In this exercise, retype exactly the lines from the start of the entries through the line bearing "Wherever your farming", leaving every picture out.

Supplied records: Begin

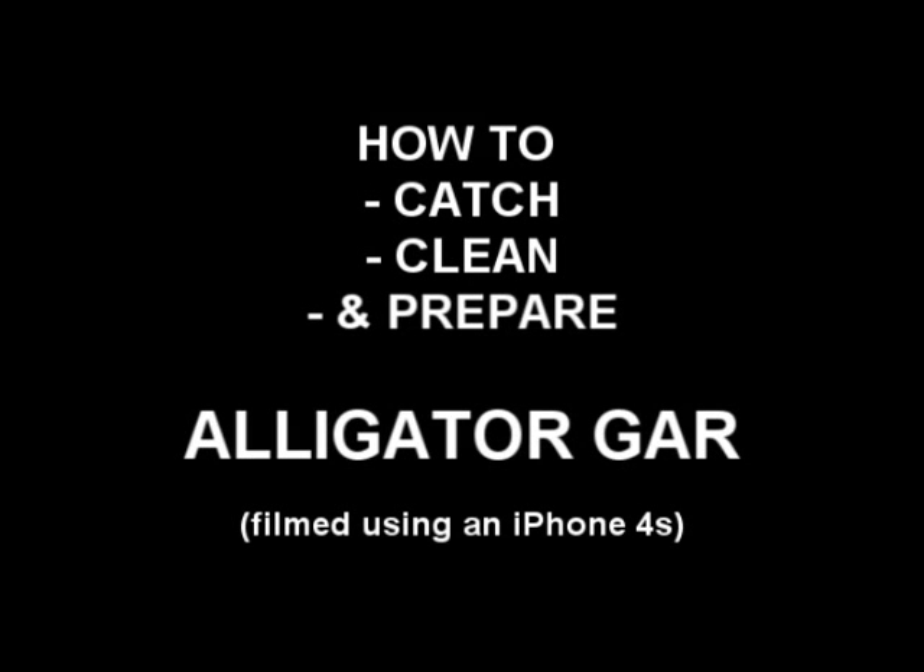Life ain't nothing but a funny, funny riddle — thank God I'm a country boy. Hey everybody out there on YouTube land. Tonight I'm going to be showing you guys how to catch, clean, and prepare to eat gar. Alligator gar. Big alligator gar. Check it out.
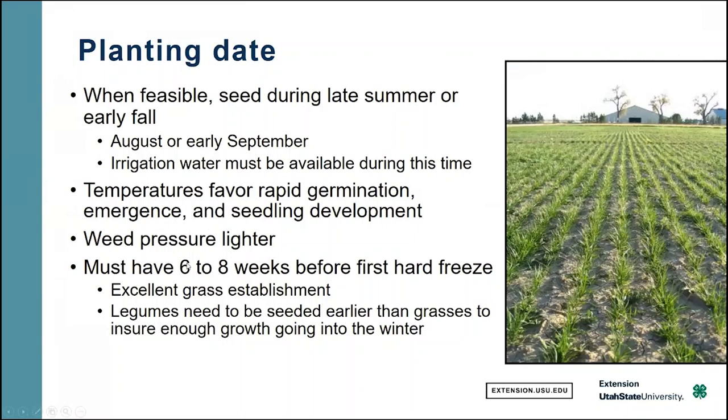Wherever your farming operation is, do some back calculation of when you expect the first hard frost and make sure you hit that deadline. You can expect excellent grass establishment by doing this, but legumes need to be established a little bit earlier than grasses do in order to ensure enough growth going into winter. Grasses are a little more forgiving at the deadline; legumes are not — they'll just die.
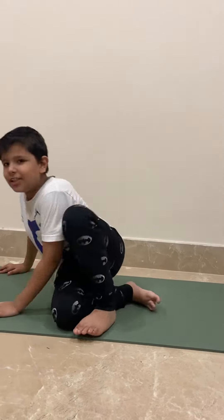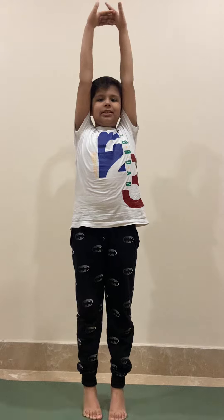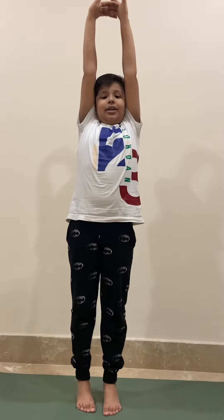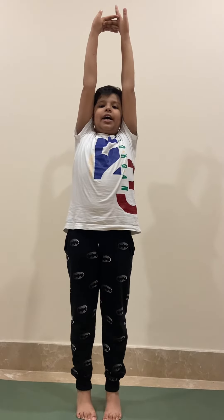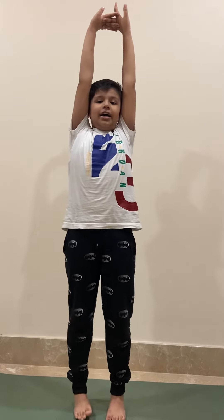Next one is Takrasana. 1, 2, 3, 4, 5, 6, 7, 8, 9, 10. Breathe. Again, 1, 2, 3, 4, 5, 6, 7, 8, 9, 10. Last time. 1, 2, 3, 4, 5, 6, 7, 8, 9, 10.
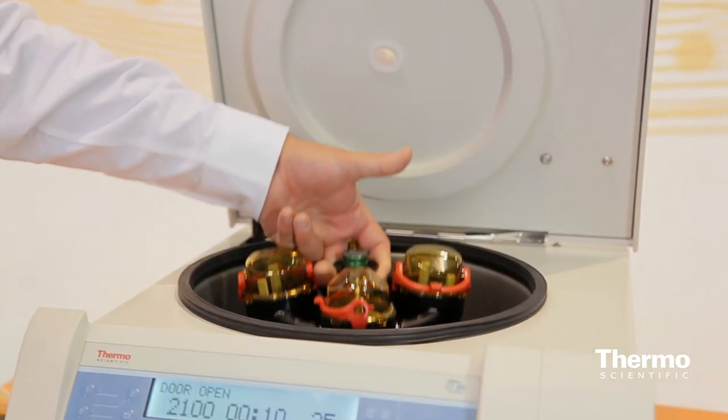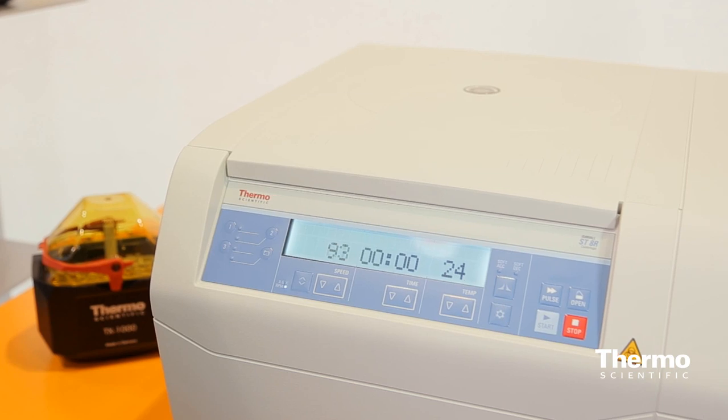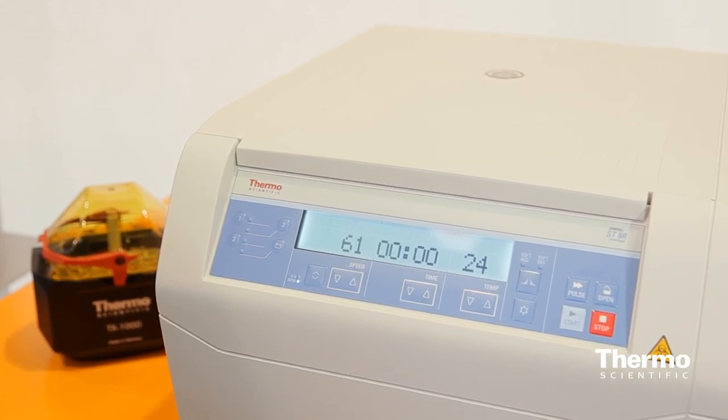In particular for the clinical market, we can do blood tubes of all sizes. We can do microplates for some of the molecular tests, microtubes, or even cell culture tubes. That's the fits-in part of it.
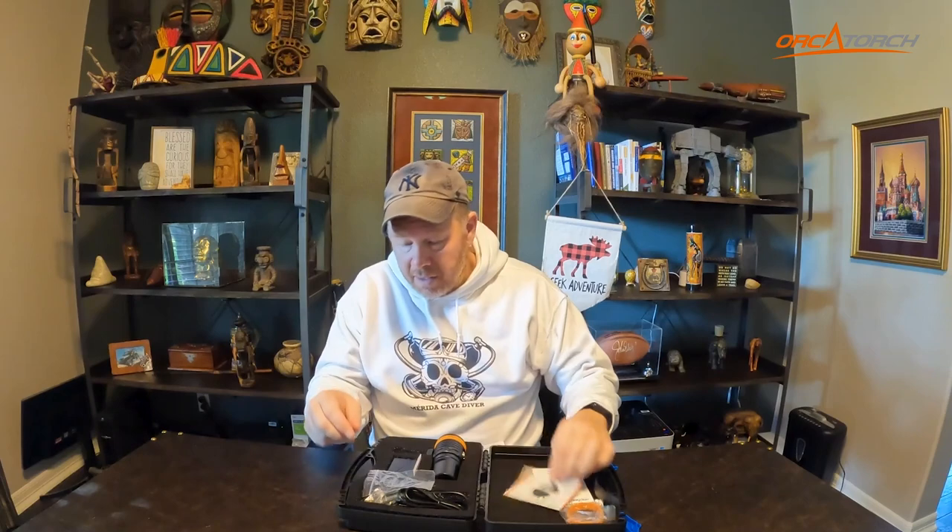In the box you have an extra o-ring for the light, the user manual, promo material, some extra o-rings, the charger cable, the magnetic charger — which is very cool, I'll talk about that later in the video — an adapter, warranty card, some extra screws, and an allen wrench.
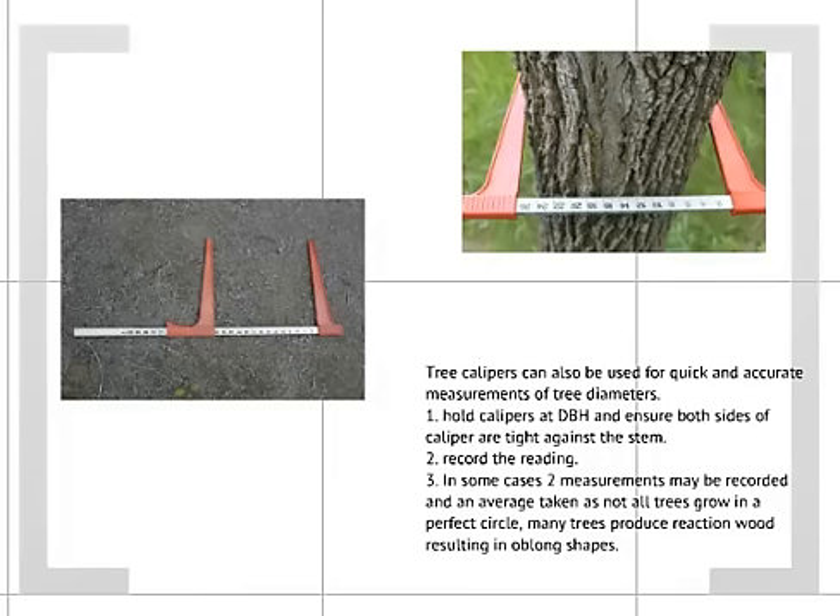In some cases, two measurements can be recorded — one from one angle of the tree and one from the opposite angle — because not all trees are round. Many times trees may grow in ovals or oblong shapes, so by taking two measurements and averaging them gives you a more accurate reading.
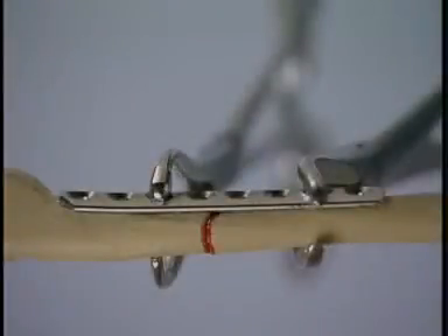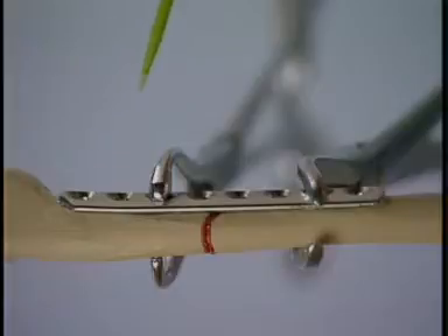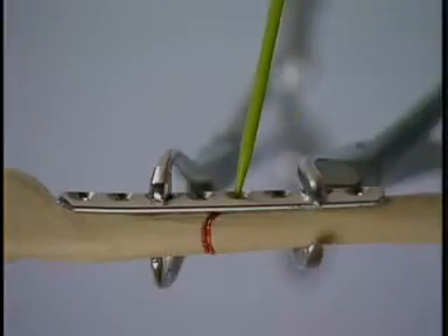The plate is attached to the bone with bone forceps. The plate holes at either end of the plate are filled first, followed by the holes closest to the fracture line.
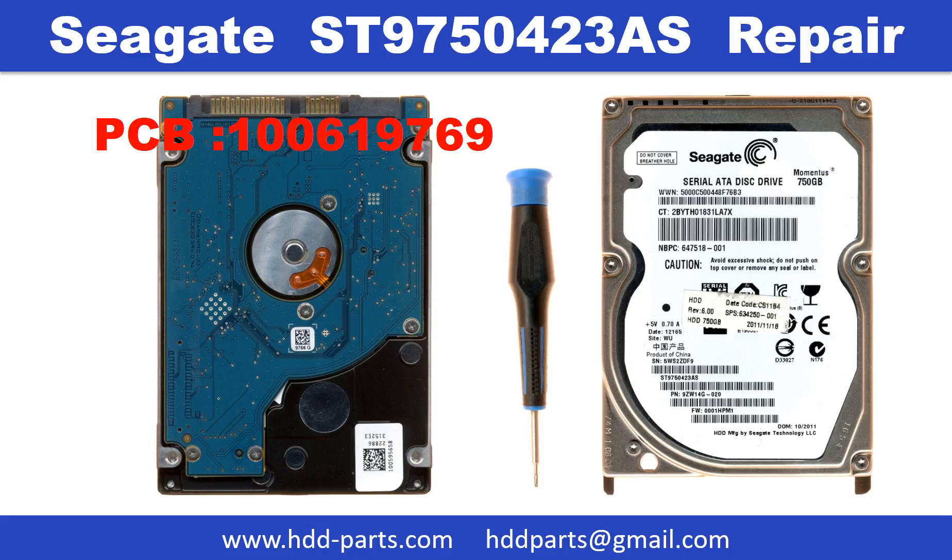Hello there. In this video we are going to talk about Seagate Momentus 2.5-inch SATA hard drive PCB board repair and disk data recovery.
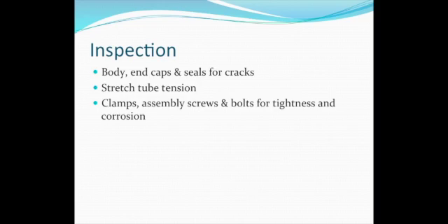It is important to inspect the equipment prior to use to ensure it can collect samples without leaking and does not have corrosion which could interfere with the analytes of interest. Look it over for cracks or worn seals. Verify the stretched tube has enough tension to close under water and tighten any loose parts.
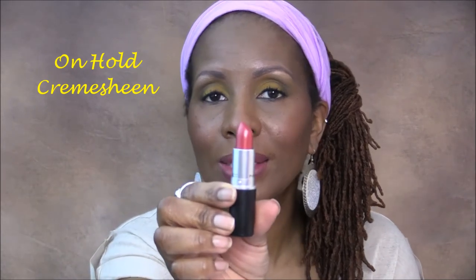Next up is a very nice cream sheen lipstick called On Hold. This is another one that's good for any time — daytime, nighttime, you can wear it to work, and it looks really nice with a liner. It feels good on the lips because it is a cream sheen. And that's On Hold.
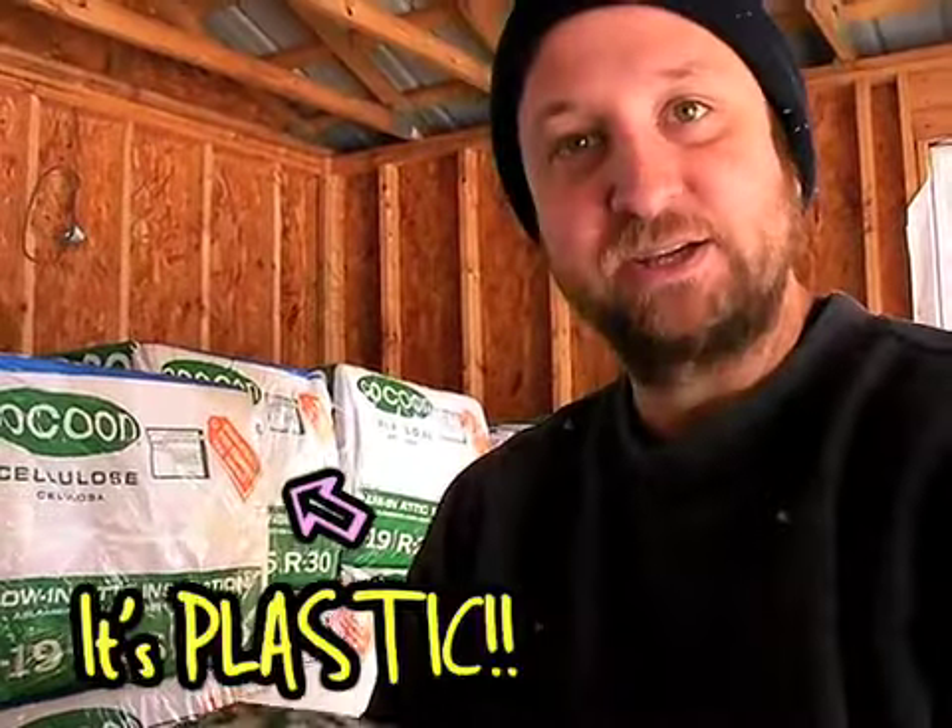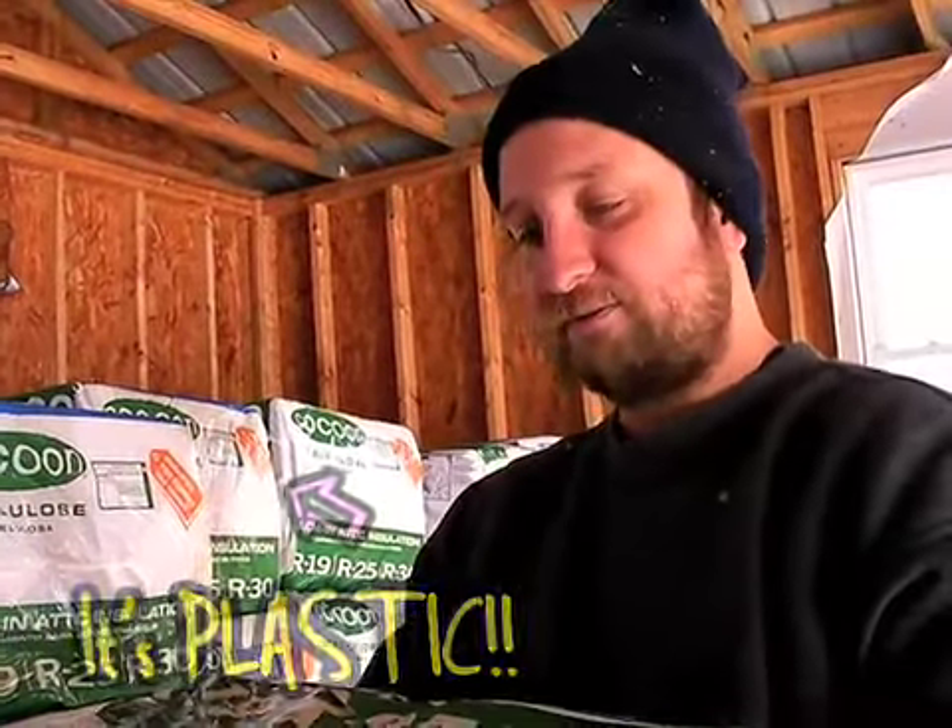It's basically shredded paper that has borax in it, so bugs can't get in it. The problem with the packaging, though, is that it's plastic. So they go through the effort of making recycled paper insulation, but then they put it in this plastic.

Supplied records: End

> **Answer for the task**
Life ain't nothing but a funny, funny riddle — thank God I'm a country boy. Hey everybody out there on YouTube land. Tonight I'm going to be showing you guys how to catch, clean, and prepare to eat gar. Alligator gar. Big alligator gar. Check it out.
Wherever your farming operation is, do some back calculation of when you expect the first hard frost and make sure you hit that deadline. You can expect excellent grass establishment by doing this, but legumes need to be established a little bit earlier than grasses do in order to ensure enough growth going into winter. Grasses are a little more forgiving at the deadline; legumes are not — they'll just die.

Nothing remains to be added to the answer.